I already mentioned exactly how many cycles per scanline and scanlines per frame there were. This was based off the 21MHz clock (315/88*6m). To get your numbers, just divide.
If you lda [$80] with D=2100, you will end up fetching whatever byte is at the address pointed to by $2181-2183, and then that value will be repeated for the next two reads. So say $2181-3 point to $7e0123, which contains #$5a. You'll end up reading from $5a5a5a. This is because $2181-3 are write-only. Reads return open bus, or the MDR (memory data register.) That register will be set upon the $2180 port read.
I know how to calculate what you think I'm trying to calculate.
What I'm actually trying to calculate is the length of H-blank and V-blank (in cycles). I am not trying to calculate the length of each scanline, pixel or whatever. I know that H-blank and V-blank are not overscan, so my previous numbers were wrong. In addition, that also means that they are not considered by your formula or they are in a part of a scanline, where I do not know the length (and the H-blanking and V-blanking (moving the opposite way) themselves are not actually calculated).
Oh right, they are open bus.... Well, at least there is an easy around not being able to use it as 16-bit/24-bit. Thank you!
Quote:
What I'm actually trying to calculate is the length of H-blank and V-blank (in cycles).
Have you tried looking at emu sources for your answers? Eg:
src/cpu/scpu/mmio/mmio.cpp:mmio_r4212() states that 0-3 + 1096-1363 (1359 short scanline) are hblank, and lines 225-261 (262 interlace) are vblank. If overscan is enabled, Vblank starts at V=240.
272 clocks for 99% of Hblanks, 268 clocks for NTSC non-interlace scanline 240 on odd fields.
NTSC Vblank for non-interlace even: 50468 clocks.
NTSC Vblank for non-interlace odd: 50464 clocks.
NTSC Vblank for interlace even: 51832 clocks.
NTSC Vblank for interlace odd: 50468 clocks.
PAL has 312/313 scanlines, and it's a tossup whether overscan is on or not for these games.
PAL Vblank with overscan on non-interlace even: 30008 clocks.
PAL Vblank with overscan off non-interlace even: 118668 clocks.
Should be able to calculate the rest from here.
byuu wrote:
Quote:
What I'm actually trying to calculate is the length of H-blank and V-blank (in cycles).
Have you tried looking at emu sources for your answers?
I thought we all learned not to do that near the end of the Nesticle era.
Ah, thank you!
Also, I would have but I don't know much C/C++ and since I can't find anything in x86 I'd have to use a disassembler which would take even longer since it would not only be unlikely for it to be disorganized, due to the way compilers work but it would also have a lot of junk bytes (if you don't believe me, look
here) and a lack of comments, making it very difficult. (Not to mention that I'm not extremely well acquainted with x86, anyway.

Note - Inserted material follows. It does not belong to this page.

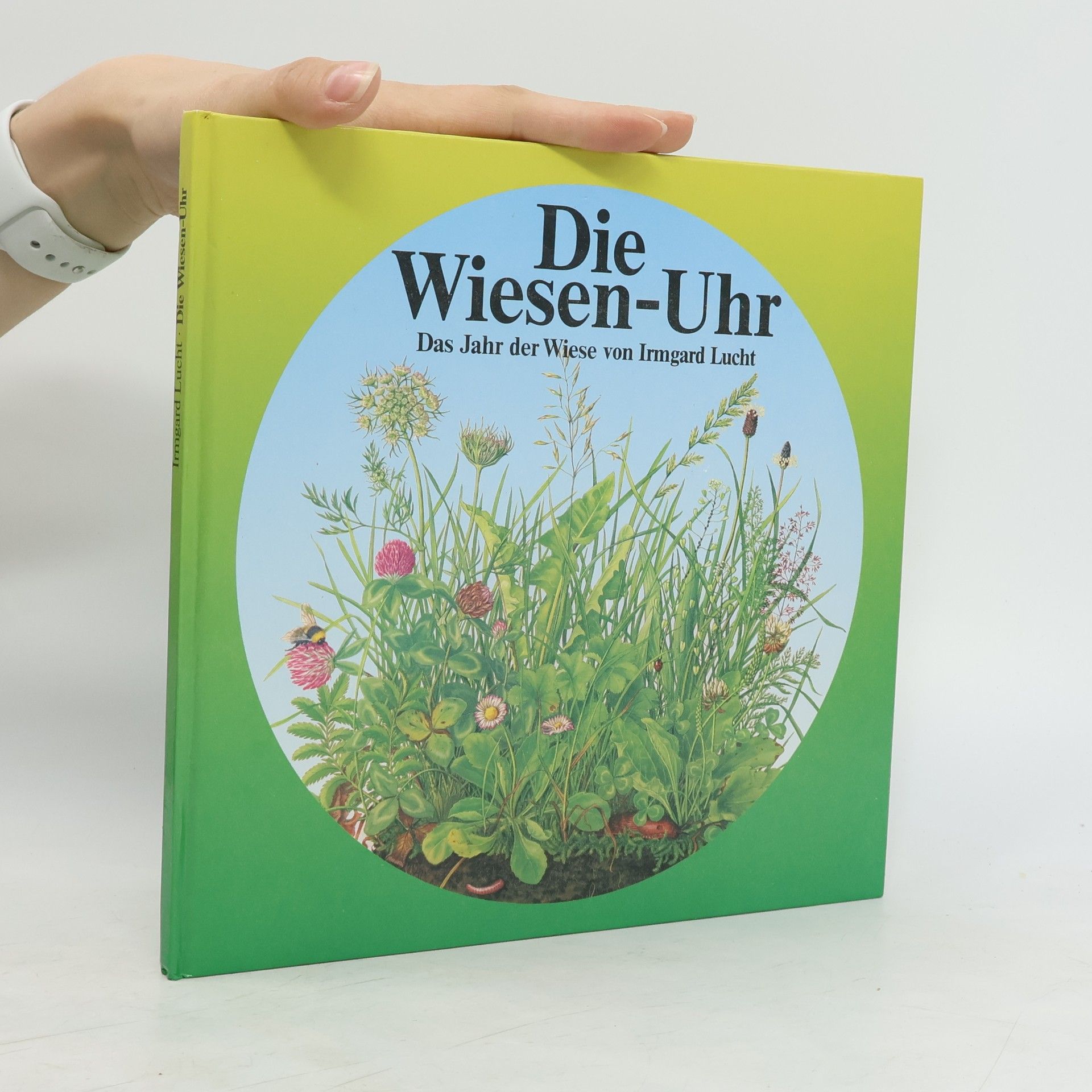 Irmgard Lucht Die Wiesen-Uhr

Just more so than C/C++.) Well, I guess I'll try to learn C/C++ more quickly so I can hope to understand the data in emulator source code soon. Sorry for troubling you!

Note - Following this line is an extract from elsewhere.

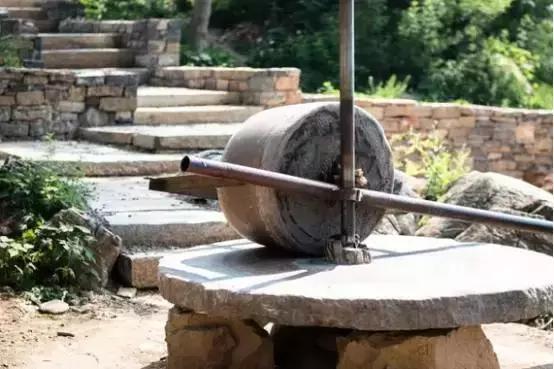 有什么项目可以拿国家补贴,国家扶持的项目补贴能给吗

I guess this thread can be closed or whatever you do to threads that have served their purpose.
No trouble, just figure the sources would be quicker than waiting on us is all.

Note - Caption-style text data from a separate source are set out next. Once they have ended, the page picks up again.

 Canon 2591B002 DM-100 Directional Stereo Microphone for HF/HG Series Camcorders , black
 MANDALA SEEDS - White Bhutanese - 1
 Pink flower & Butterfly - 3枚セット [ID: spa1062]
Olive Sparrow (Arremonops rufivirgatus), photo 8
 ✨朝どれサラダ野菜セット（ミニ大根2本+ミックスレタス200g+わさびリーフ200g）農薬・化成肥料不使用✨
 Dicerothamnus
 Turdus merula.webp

Oh, joy! I can't read it at all. I even tried BSNES's source code but I still got nothing out of it. Oh well!
Anyway, here is another question:
How does offset-per-tile mode work (particularly mode 6, although I presume that mode 2 is the same)? I know that you specify locations with layer 3 registers and the offset is for columns, not tiles. However, I want to know what gets displayed when you place one column of tiles on top of another one? In other words, if the offsets were all zero aside from one of them, other than the first, which was $10 (or would it be 8, since it uses half pixels?), what would show up on the column to the right of the normal position of the previously mentioned column?